Over the past four years, the international Sexual and Gender Based Violence against Refugees from Displacement to Arrival (SEREDA) research team led by Professor Phillimore, has conducted extensive research to understand the nature and incidence of SGBV experienced by refugees who have fled conflict to seek safety in the UK.

The research identified how forced migrants faced multiple incidence of SGBV over time and place and at the hands of different perpetrators. However, once in the UK, many SGBV survivors continued to experience violence and/or were placed at risk of further abuse or trauma by immigration and asylum policies.

Following extensive interviews undertaken between 2018-2022 with over 80 forced migrant SGBV survivors, and 50 service providers working with survivors, we identify:

  • Traumatic asylum processes - Gender insensitive and sometimes very lengthy asylum interviews by male caseworkers with male interpreters prevented women survivors disclosing SGBV experiences or re-traumatised forced migrants who disclosed SGBV. Post-interview support was not provided for forced migrants in distress.
  • Unstable and risky housing - Many women were placed in mixed gender housing and described bathrooms and bedrooms without locks, abusive staff who walked in unannounced and sexual harassment. Respondents were also exposed to racist abuse and homophobia in dispersal neighbourhoods and housing.
  • Encouraging violent dependency - Forced migrant women who joined husbands with refugee status on a spousal visa are dependent on remaining in their relationship to stay in the UK. They lived with the threat of deportation, and then honour based violence on return, if the marriage broke down. Having no recourse to public funds made them financially dependent on abusers. women endured sometimes extreme levels of abuse believing they would be detained and their children taken away. They were not aware of the Domestic Violence Rule and struggled to access help after escaping abuse.

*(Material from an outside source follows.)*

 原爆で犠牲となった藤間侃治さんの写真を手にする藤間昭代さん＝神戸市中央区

  • Health impacts of SGBV - The combined effects of years of violence and the interactions between SGBV and immigration and asylum systems generated high levels of trauma resulting in physical and psychological harms. Respondents talked about injuries and sexually transmitted diseases and pregnancies sustained during their journeys. Long waits (often over a decade) for an outcome to their asylum claim intensified psychological problems with suicide ideation, depression, sleep and eating disorders commonplace.

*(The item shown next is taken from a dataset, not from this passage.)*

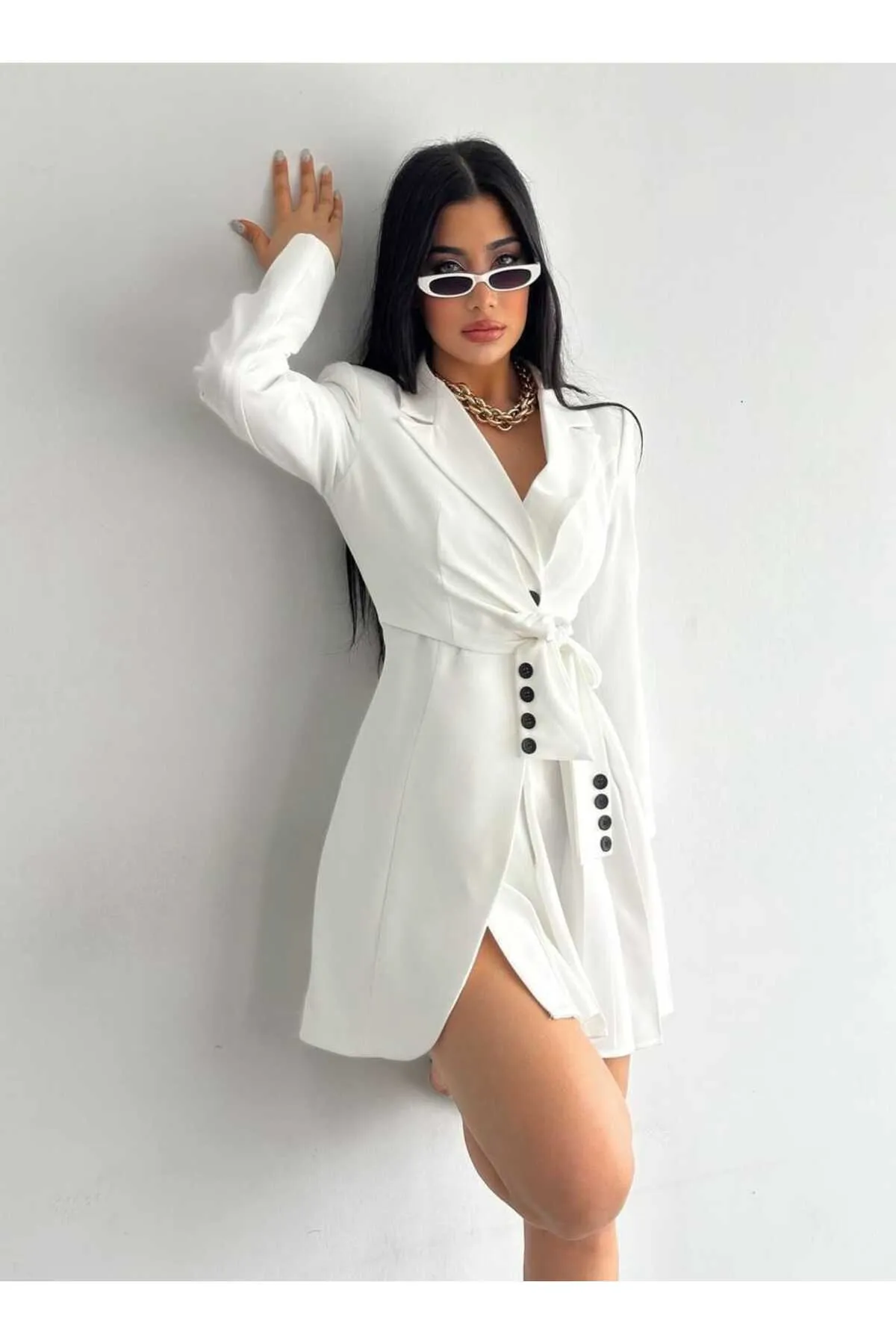 ZF BUTİK  Jackenkleid mit seitlichen Falten und Knöpfen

  • Healthcare - Although some respondents accessed health and psychological treatments they needed, through either GPs or civil society organisations, the majority received no support. Many were too fearful to seek medical help or report violent incidents to the police in fear of being deported, while others suggested that professionals lacked knowledge of lived experiences of forced migrant survivors and the barriers they faced accessing services such as frequent changes of address, language barriers and having No Recourse to Public Funds (NRPF). Clinicians’ lack of experience and time to help survivors disclose SGBV experiences meant that both physical and psychological conditions went untreated.